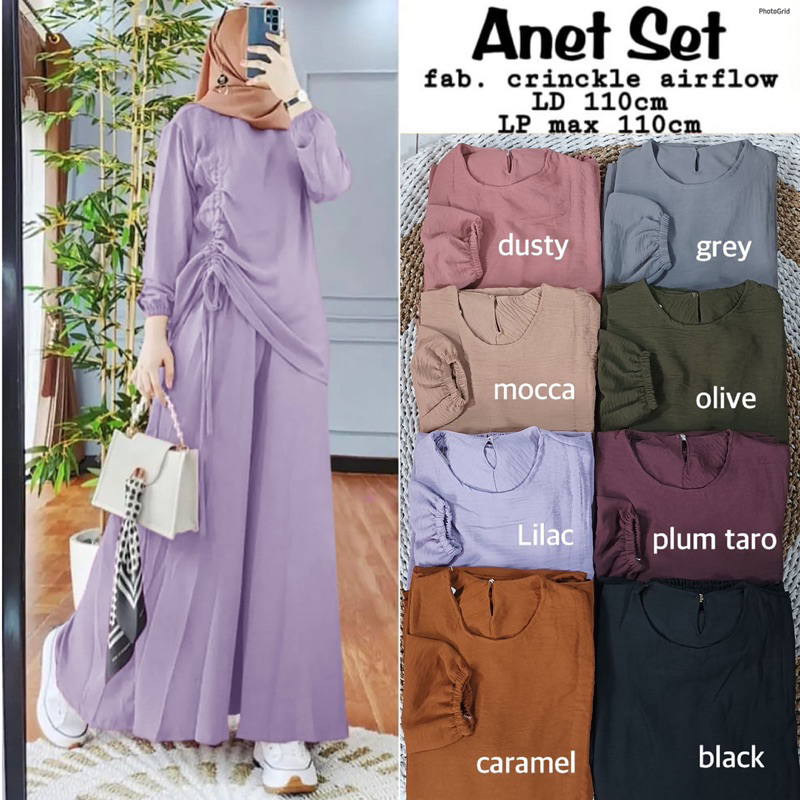 Anet Set - SetCel One Set Kulot Crinkle Premium Terbaru  Setelan Wanita Crinkle / 539-7202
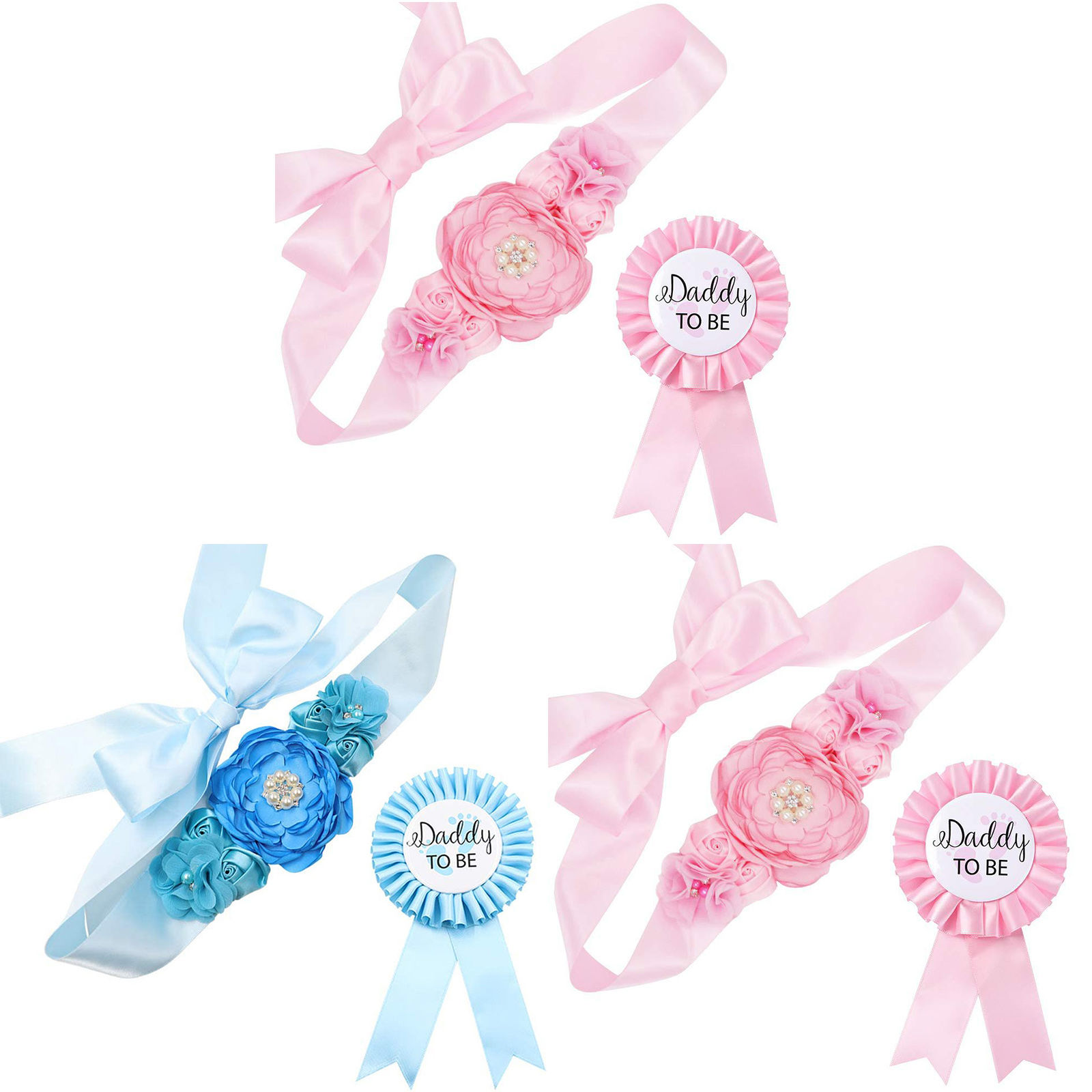 Picture of Flower Belt Daddy To Be Brooch Badge Baby Shower Party Supplies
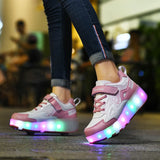 Unisex LED Light-Up Casual Shoes for Kids – Hook & Loop Sneakers with PU Upper and Non-Slip Rubber Sole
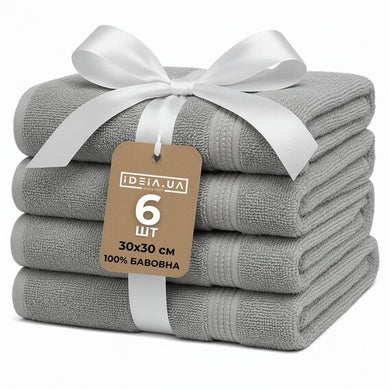Набір рушників 6 шт 30х30 см махрові пл 550 нутаральна бавовна, серветка, рушник сирій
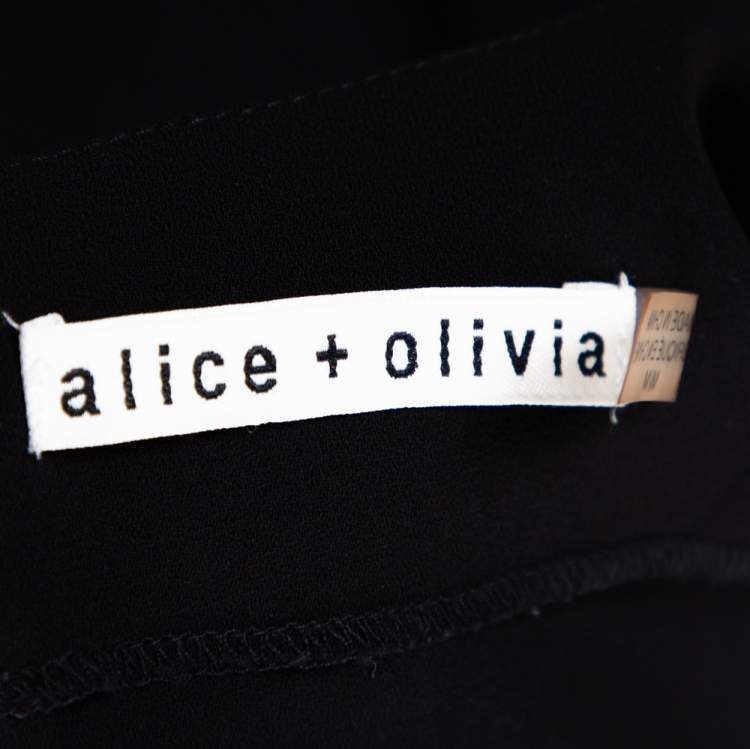 Pre Owned Alice + Olivia Black Crepe Sleeveless Kylnn Top M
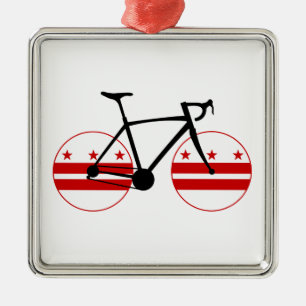 Washington D.C. Flag Cycling Metal Ornament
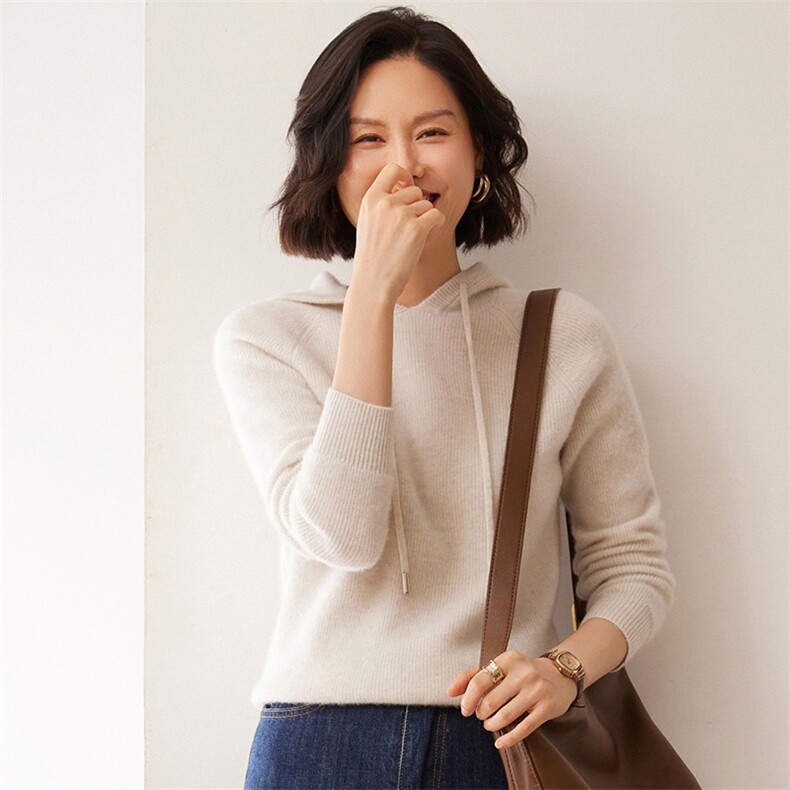 2025秋冬新款35%山羊绒女士12针元宝针羊绒帽衫,女装羊绒衫,拓驰羊绒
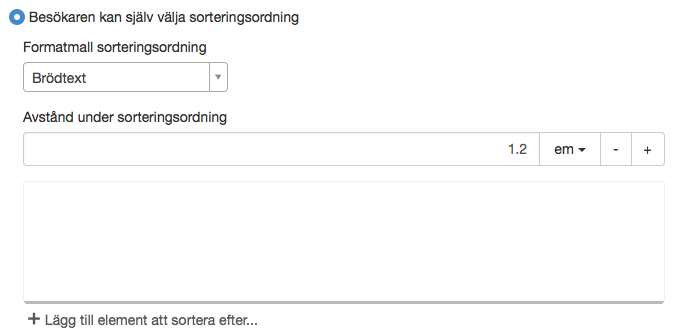 Inställningar för besökssortering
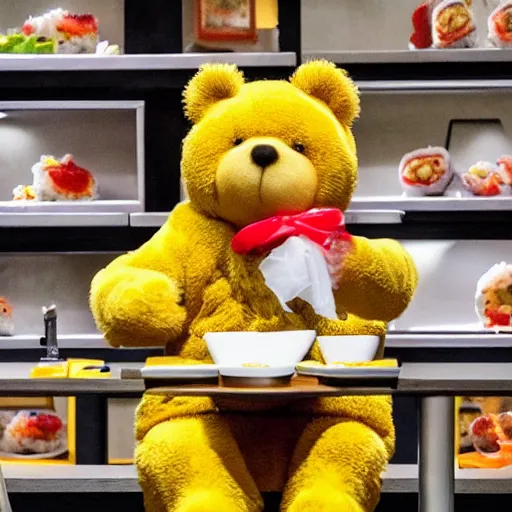 Prompt: Yellow teddy bear wearing red shirt eating sushi at a restaurant, realistic, highly detailed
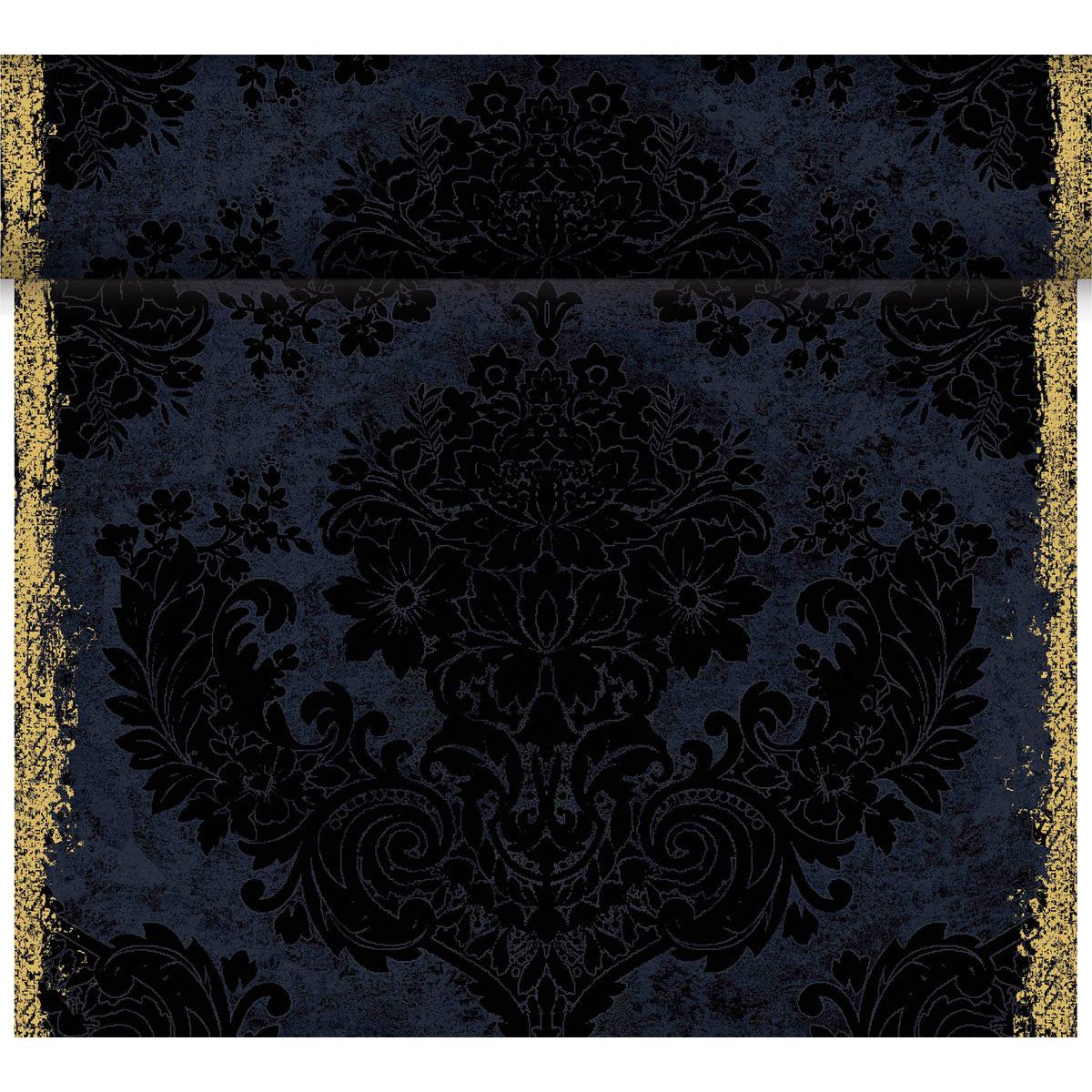 The Dunicel table runner Tête-à-Tête by Duni GmbH (24 m x 0.4 m, 20 sections) features a dark blue and black damask floral pattern with gold glittering vertical borders and a touch of vintage - ideal for elegant tables.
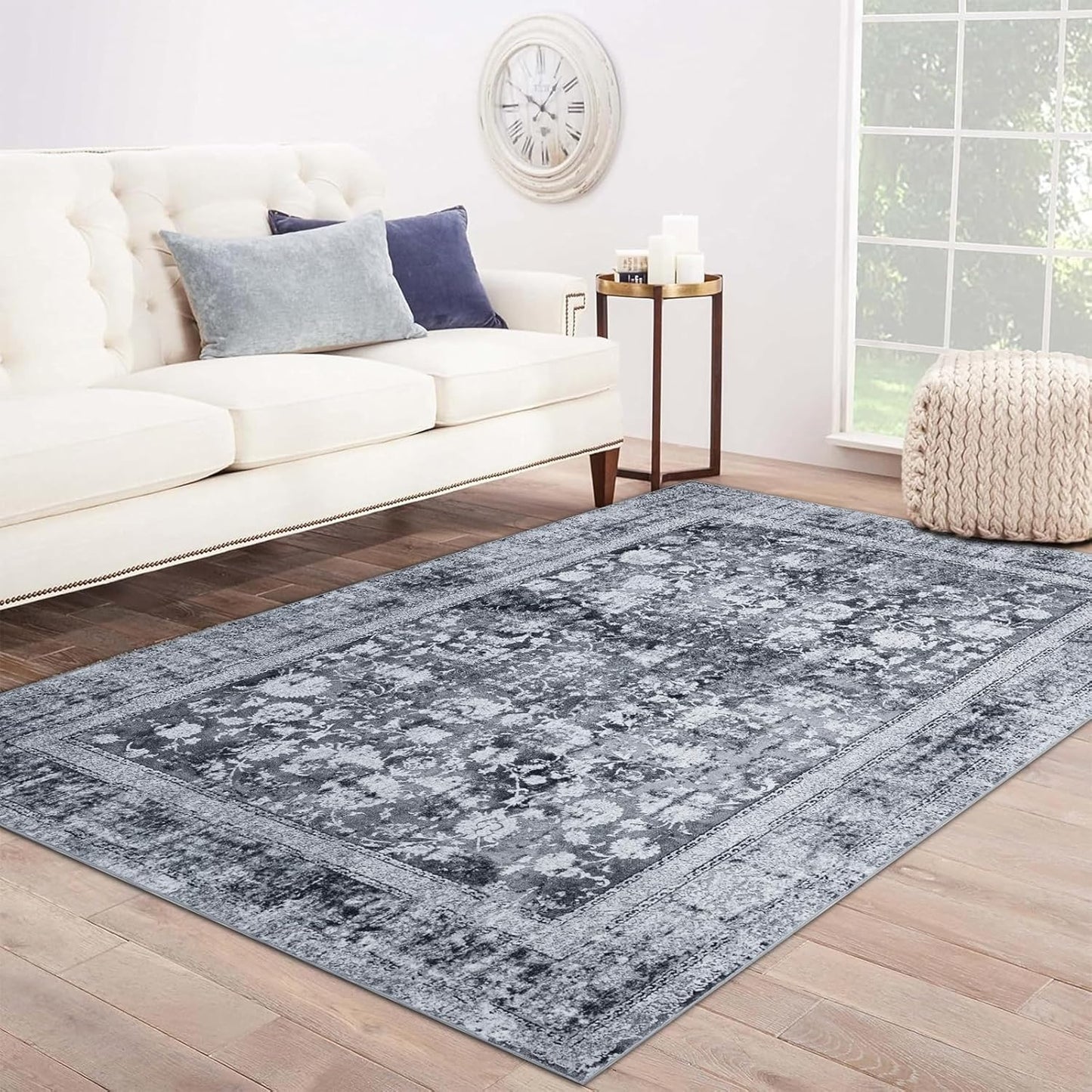 Area Rug 5×7, Vintage Boho Rug,Ultra-Soft Low Pile, Washable, Non Slip,Stain Resistant Printed Carpet for Living Room Bedrooms Playroom Office Kitchen, Light Blue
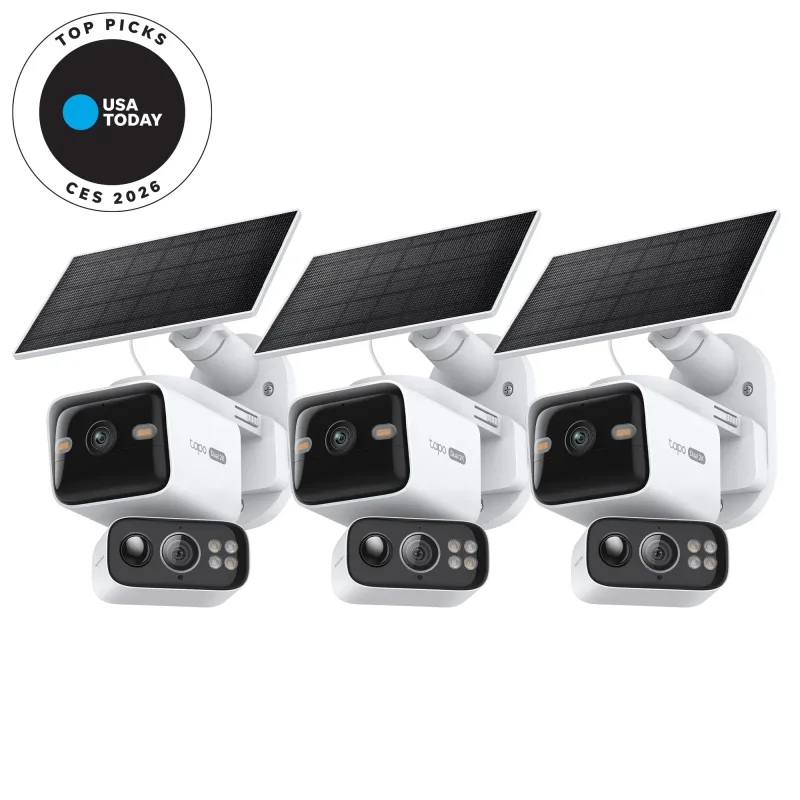 Tapo C645D Kit 2K Dual-Lens Solar Pan/Tilt Security Camera, 3-Pack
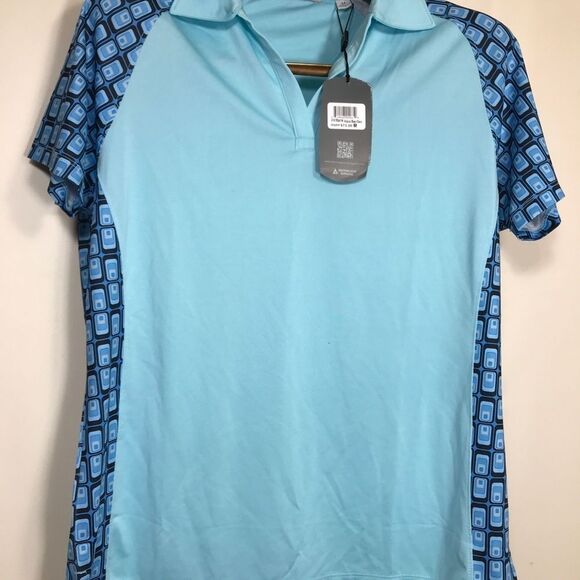 Bermuda Sands Golf Polo Shirt Womens Size Medium aqua - Picture 5 of 8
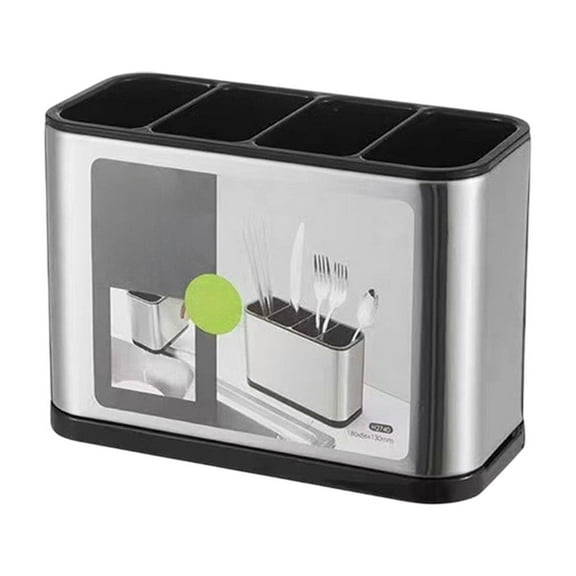 Compartmentalized Stainless Steel Cutlery Bucket - Chopstick Dispenser & Knife fork Storage with Filterable Kitchen Shelf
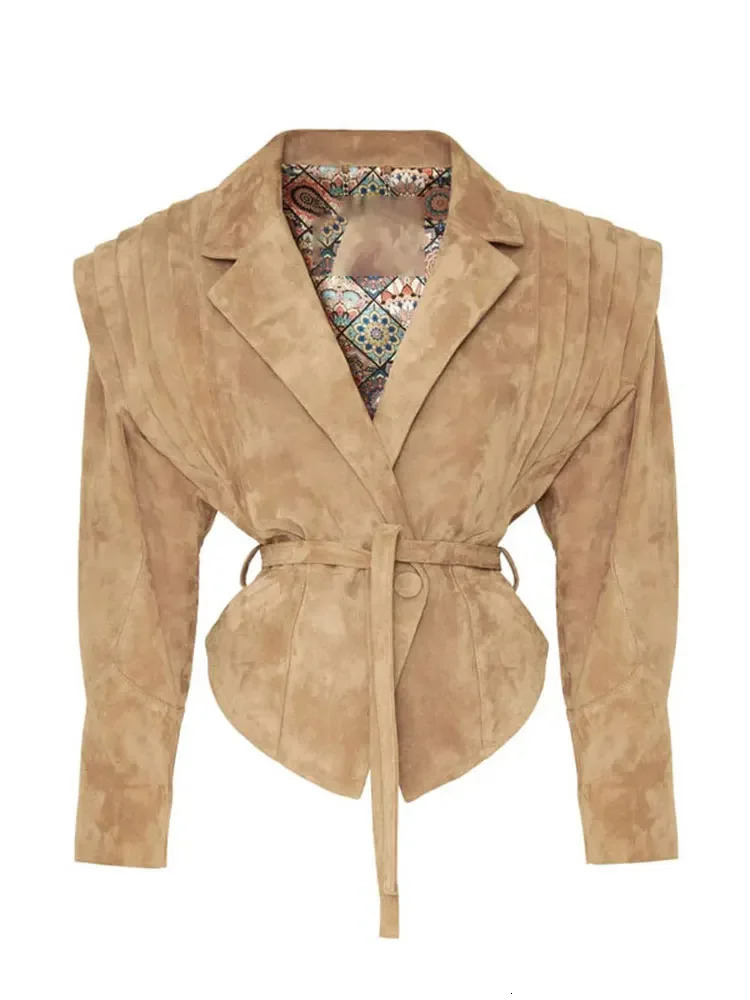 Fashion suede short leather long sleeved jacket for women with pleated shoulder straps lapel button cut jacket womens street jacket 241025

● **WHAT IS BEING ASKED**
Every line between the start of the listing and the line containing "Unisex LED Light-Up", both ends counted, needs to be printed exactly, minus the pictures.

● **YOUR SOLUTION**
 Anet Set - SetCel One Set Kulot Crinkle Premium Terbaru  Setelan Wanita Crinkle / 539-7202
 Picture of Flower Belt Daddy To Be Brooch Badge Baby Shower Party Supplies
 Unisex LED Light-Up Casual Shoes for Kids – Hook & Loop Sneakers with PU Upper and Non-Slip Rubber Sole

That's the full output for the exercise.